PROVIDED INFORMATION Start Marker

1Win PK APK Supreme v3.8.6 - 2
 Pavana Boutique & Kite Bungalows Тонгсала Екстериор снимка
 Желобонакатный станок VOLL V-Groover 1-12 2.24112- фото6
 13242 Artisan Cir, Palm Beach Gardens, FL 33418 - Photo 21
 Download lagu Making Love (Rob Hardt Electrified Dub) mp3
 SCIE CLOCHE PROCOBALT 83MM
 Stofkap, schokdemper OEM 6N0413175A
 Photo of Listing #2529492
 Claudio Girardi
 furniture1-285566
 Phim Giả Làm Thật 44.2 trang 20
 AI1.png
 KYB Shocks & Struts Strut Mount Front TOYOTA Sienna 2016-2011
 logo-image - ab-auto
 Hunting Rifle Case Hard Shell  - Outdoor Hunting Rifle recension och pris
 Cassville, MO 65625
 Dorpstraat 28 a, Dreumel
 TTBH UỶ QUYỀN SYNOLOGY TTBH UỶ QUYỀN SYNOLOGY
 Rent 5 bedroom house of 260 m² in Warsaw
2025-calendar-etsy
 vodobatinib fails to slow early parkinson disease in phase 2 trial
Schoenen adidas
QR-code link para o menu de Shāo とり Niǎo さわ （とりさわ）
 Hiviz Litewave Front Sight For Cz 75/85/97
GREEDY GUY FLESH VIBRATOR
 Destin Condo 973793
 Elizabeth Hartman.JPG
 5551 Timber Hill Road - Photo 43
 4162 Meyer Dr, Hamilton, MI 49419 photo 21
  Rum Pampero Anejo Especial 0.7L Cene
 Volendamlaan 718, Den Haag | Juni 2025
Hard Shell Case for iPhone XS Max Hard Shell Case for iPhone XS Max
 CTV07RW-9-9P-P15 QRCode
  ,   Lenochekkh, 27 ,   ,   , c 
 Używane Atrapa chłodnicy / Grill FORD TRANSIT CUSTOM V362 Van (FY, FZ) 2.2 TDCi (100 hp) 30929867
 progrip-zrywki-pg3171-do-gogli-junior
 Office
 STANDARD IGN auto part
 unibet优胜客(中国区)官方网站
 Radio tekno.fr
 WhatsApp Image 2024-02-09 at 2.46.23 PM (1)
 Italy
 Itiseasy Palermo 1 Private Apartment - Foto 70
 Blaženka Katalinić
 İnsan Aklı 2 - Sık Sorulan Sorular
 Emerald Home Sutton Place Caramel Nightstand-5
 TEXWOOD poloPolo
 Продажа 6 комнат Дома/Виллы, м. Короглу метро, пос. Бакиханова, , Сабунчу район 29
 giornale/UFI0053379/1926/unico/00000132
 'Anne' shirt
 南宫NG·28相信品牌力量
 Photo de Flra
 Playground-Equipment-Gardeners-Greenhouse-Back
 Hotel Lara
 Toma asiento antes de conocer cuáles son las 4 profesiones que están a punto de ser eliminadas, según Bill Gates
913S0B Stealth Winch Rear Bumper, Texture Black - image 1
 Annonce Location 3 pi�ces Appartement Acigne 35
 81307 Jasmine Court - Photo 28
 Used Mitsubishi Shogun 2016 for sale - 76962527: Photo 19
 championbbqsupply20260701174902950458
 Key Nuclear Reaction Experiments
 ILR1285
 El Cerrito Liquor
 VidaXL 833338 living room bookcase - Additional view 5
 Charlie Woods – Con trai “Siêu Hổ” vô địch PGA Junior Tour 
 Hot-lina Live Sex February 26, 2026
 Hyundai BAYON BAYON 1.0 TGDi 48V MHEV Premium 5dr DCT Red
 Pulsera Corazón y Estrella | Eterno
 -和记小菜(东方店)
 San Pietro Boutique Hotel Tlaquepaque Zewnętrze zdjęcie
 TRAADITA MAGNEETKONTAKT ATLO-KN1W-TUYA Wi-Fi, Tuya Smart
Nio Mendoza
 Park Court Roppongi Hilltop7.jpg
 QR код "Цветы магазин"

PROVIDED INFORMATION End Marker

Taking the records above line by line, count those that hold the word "Hotel"; the number is the entire answer.

EXERCISE SOLUTION
2